### AIM OF THE EXERCISE
From the entries that follow, copy exactly the lines beginning at the line holding "ai généré une" and continuing through the line holding "The pools at Bosbad Amersfoort".
Segment Start: INFORMATION PROVIDED
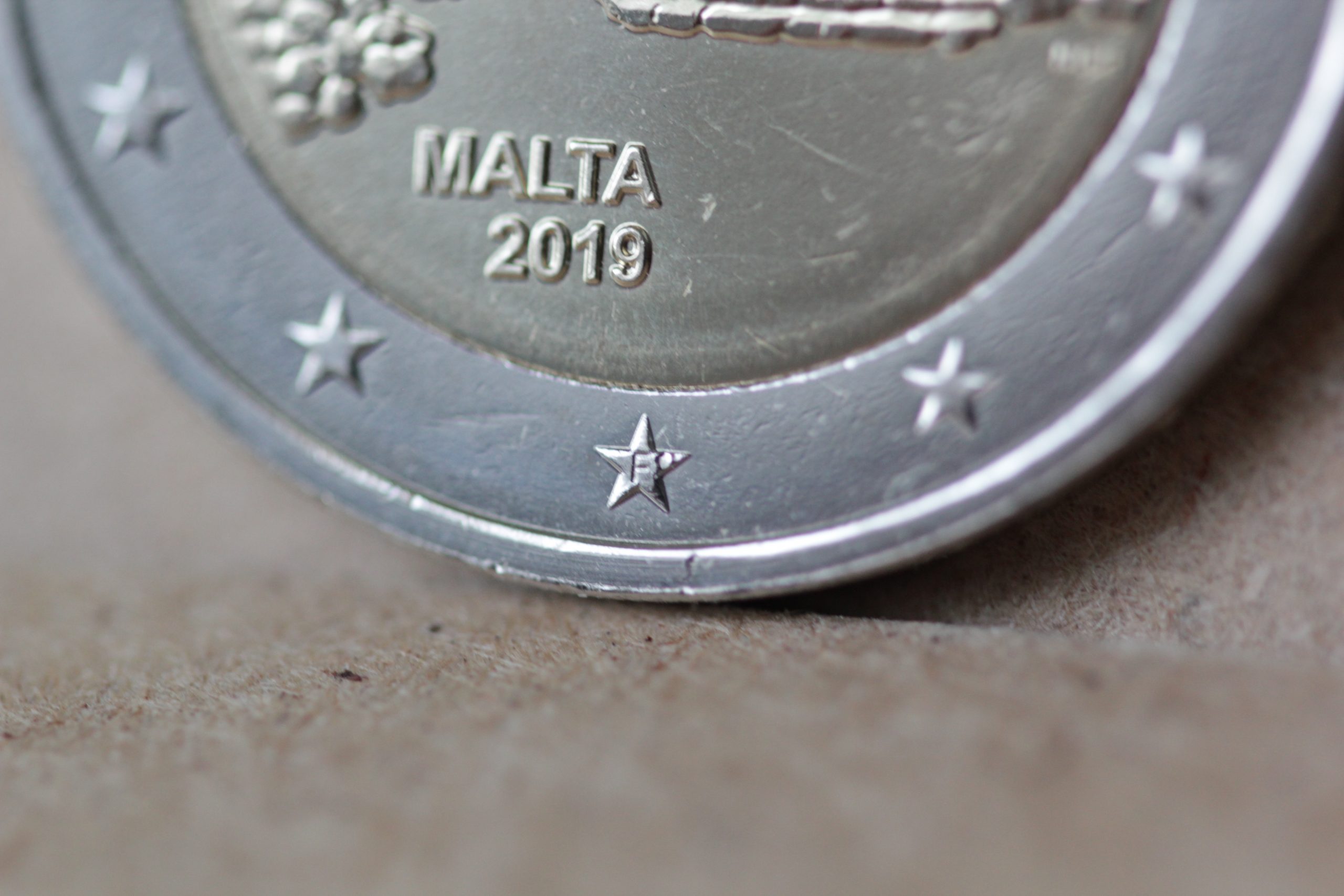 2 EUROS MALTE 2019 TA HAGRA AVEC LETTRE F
Segment End: INFORMATION PROVIDED
Segment Start: INFORMATION PROVIDED
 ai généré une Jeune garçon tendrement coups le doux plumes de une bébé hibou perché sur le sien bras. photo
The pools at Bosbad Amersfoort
Segment End: INFORMATION PROVIDED
Segment Start: INFORMATION PROVIDED
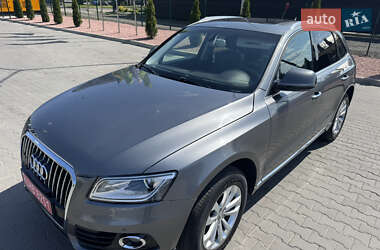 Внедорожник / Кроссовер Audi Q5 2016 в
Segment End: INFORMATION PROVIDED
### SOLUTION
 ai généré une Jeune garçon tendrement coups le doux plumes de une bébé hibou perché sur le sien bras. photo
The pools at Bosbad Amersfoort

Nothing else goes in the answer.